Exercise prompt: Although pictures appear in the records, the copy must leave them out and match everything else exactly.

Entries provided:
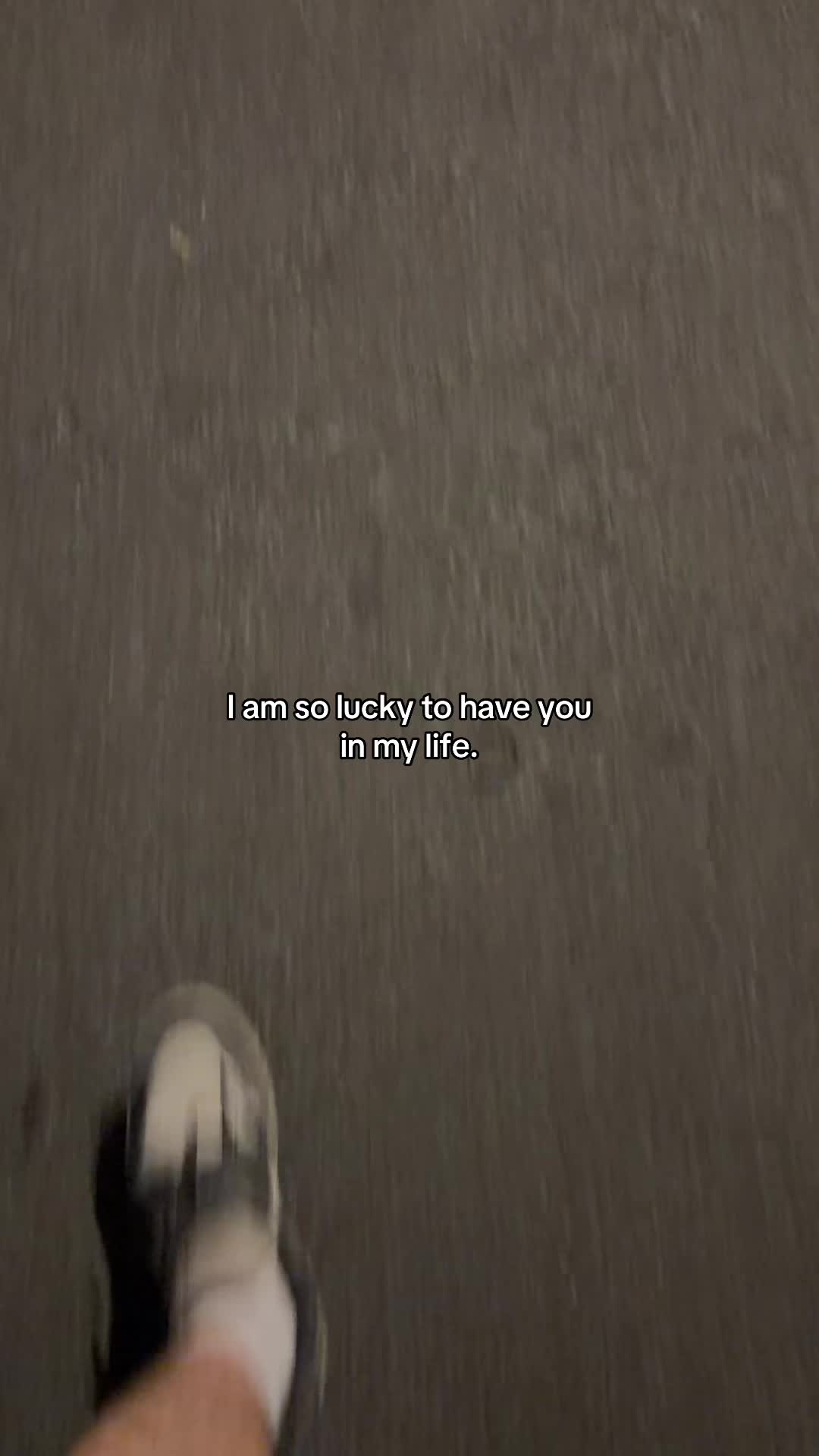 @Laazyy
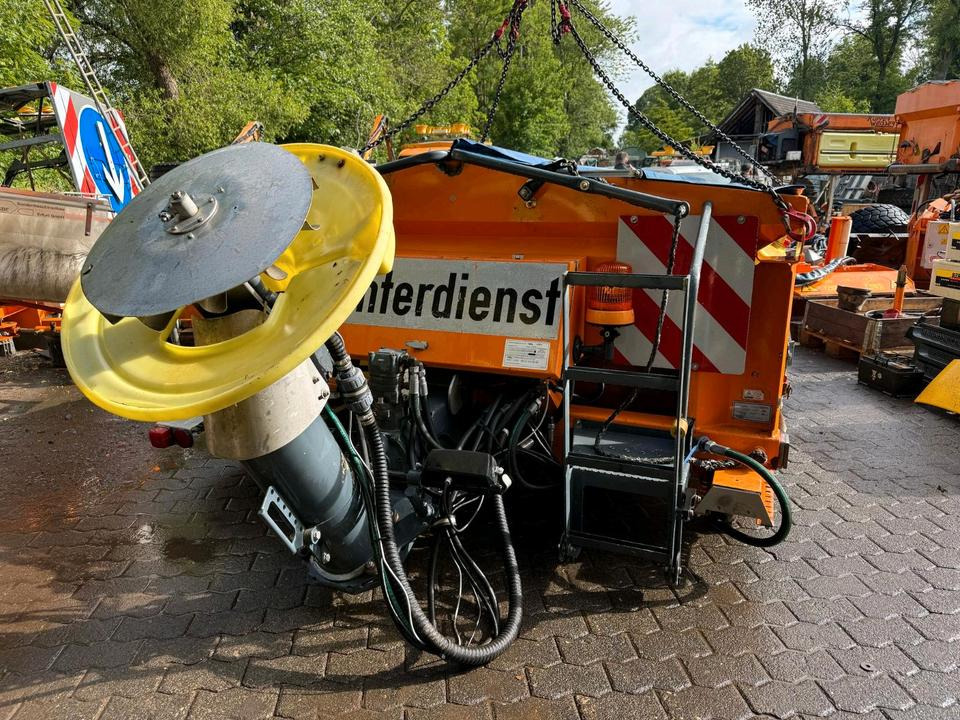 Salzstreuer Küpper-Weisser 2,7m3 IMS IMSSL F25027 HFS für Unimog UGN UGE 424 427 405 U300 U 300 400 500 MERCEDES-BENZ 218 219 318 323 423 427 327 430 429 430 435 Salzsilo Streuautomat Winterdienst - Sand/ Salt spreader: picture 2 Salzstreuer Küpper-Weisser 2,7m3 IMS IMSSL F25027 HFS für Unimog UGN UGE 424 427 405 U300 U 300 400 500 MERCEDES-BENZ 218 219 318 323 423 427 327 430 429 430 435 Salzsilo Streuautomat Winterdienst - Sand/ Salt spreader: picture 2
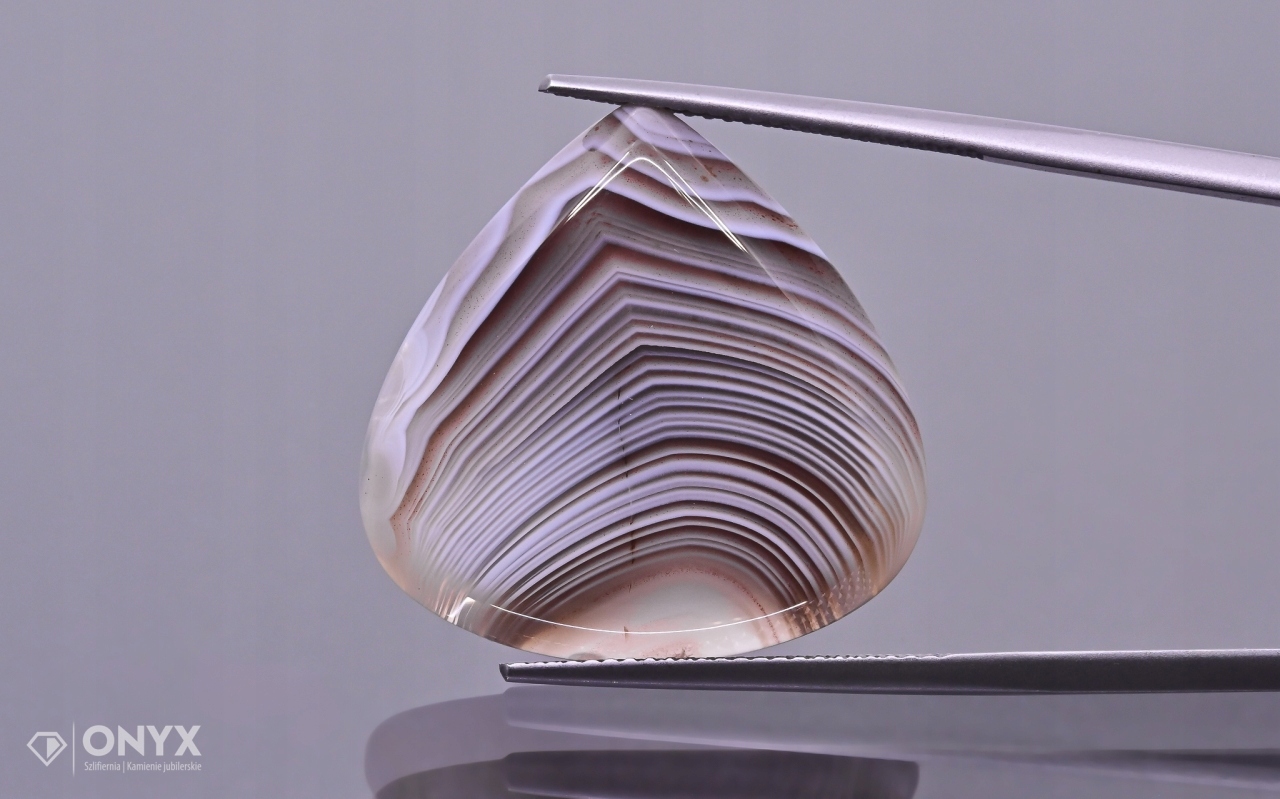 Achát Botswana nízký kabošon nepravidelný 24,5x24,5 mm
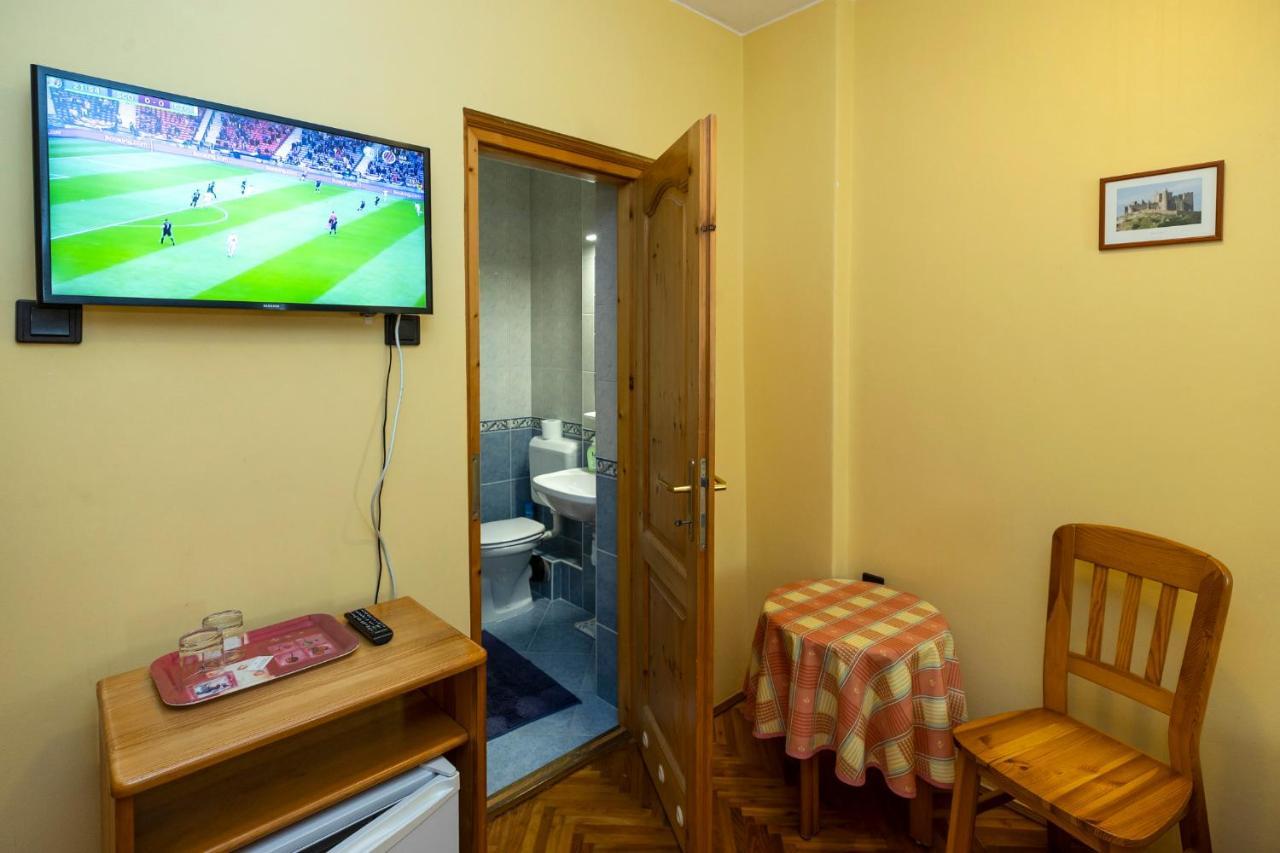 Cecey Vendeghaz Bed & Breakfast Eger Bagian luar foto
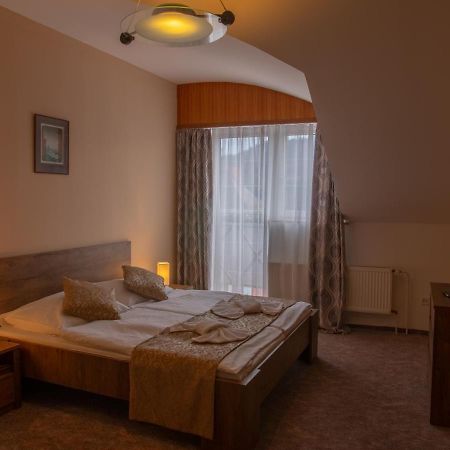 Hotel Pizzeria Istria Velke Losiny Bagian luar foto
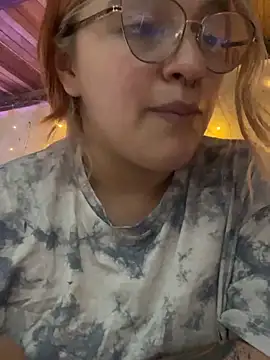 Sophia_Weest99's cam snapshot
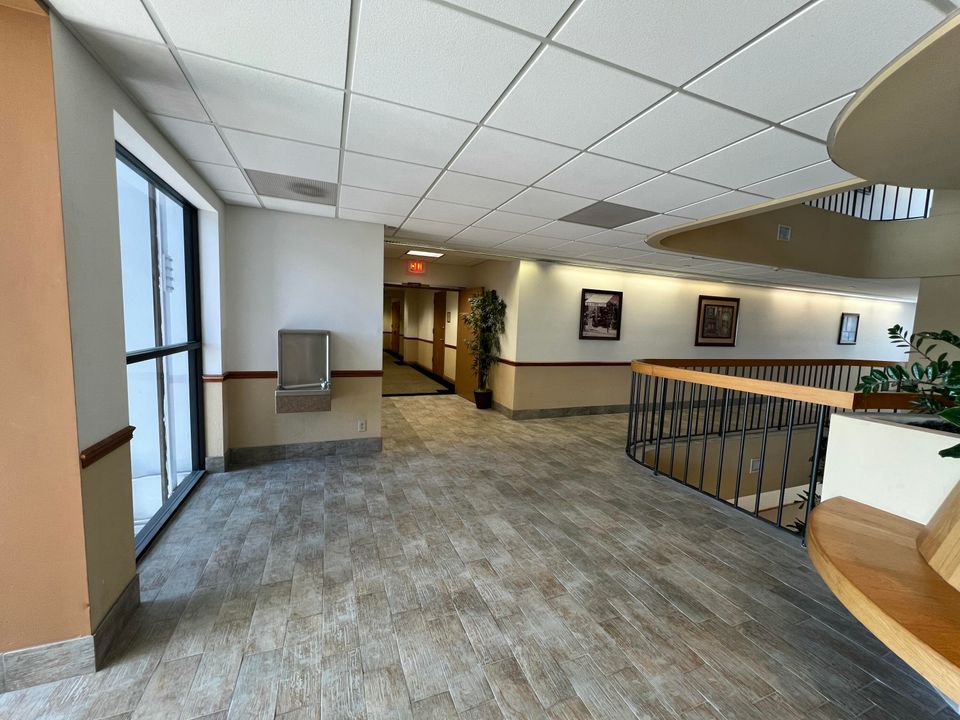 待售: $750 (0 贝兹, 0 浴室, 1159 平方英尺)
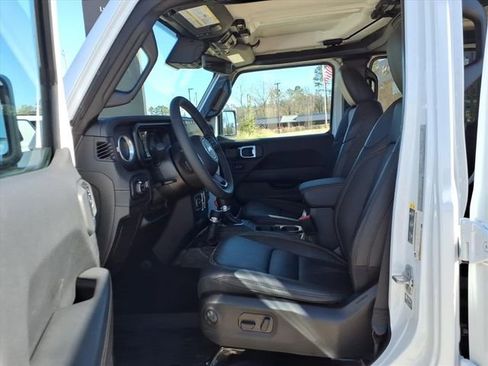 Used 2025 Jeep Gladiator Sport image 13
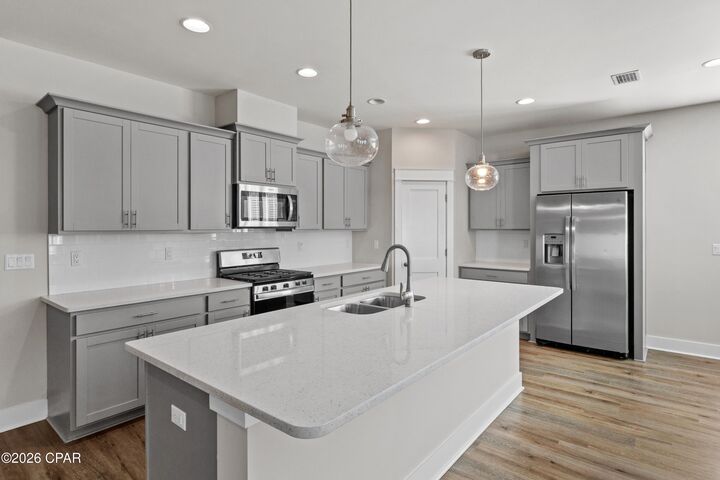 Property Photo: 417 Warren Bayou Lane FL 32407
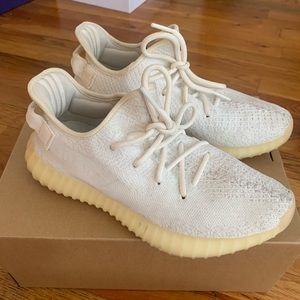YEEZY X ADIDAS Boost 350 V2 Cream White Sneakers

Response below:
 @Laazyy
 Salzstreuer Küpper-Weisser 2,7m3 IMS IMSSL F25027 HFS für Unimog UGN UGE 424 427 405 U300 U 300 400 500 MERCEDES-BENZ 218 219 318 323 423 427 327 430 429 430 435 Salzsilo Streuautomat Winterdienst - Sand/ Salt spreader: picture 2 Salzstreuer Küpper-Weisser 2,7m3 IMS IMSSL F25027 HFS für Unimog UGN UGE 424 427 405 U300 U 300 400 500 MERCEDES-BENZ 218 219 318 323 423 427 327 430 429 430 435 Salzsilo Streuautomat Winterdienst - Sand/ Salt spreader: picture 2
 Achát Botswana nízký kabošon nepravidelný 24,5x24,5 mm
 Cecey Vendeghaz Bed & Breakfast Eger Bagian luar foto
 Hotel Pizzeria Istria Velke Losiny Bagian luar foto
 Sophia_Weest99's cam snapshot
 待售: $750 (0 贝兹, 0 浴室, 1159 平方英尺)
 Used 2025 Jeep Gladiator Sport image 13
 Property Photo: 417 Warren Bayou Lane FL 32407
YEEZY X ADIDAS Boost 350 V2 Cream White Sneakers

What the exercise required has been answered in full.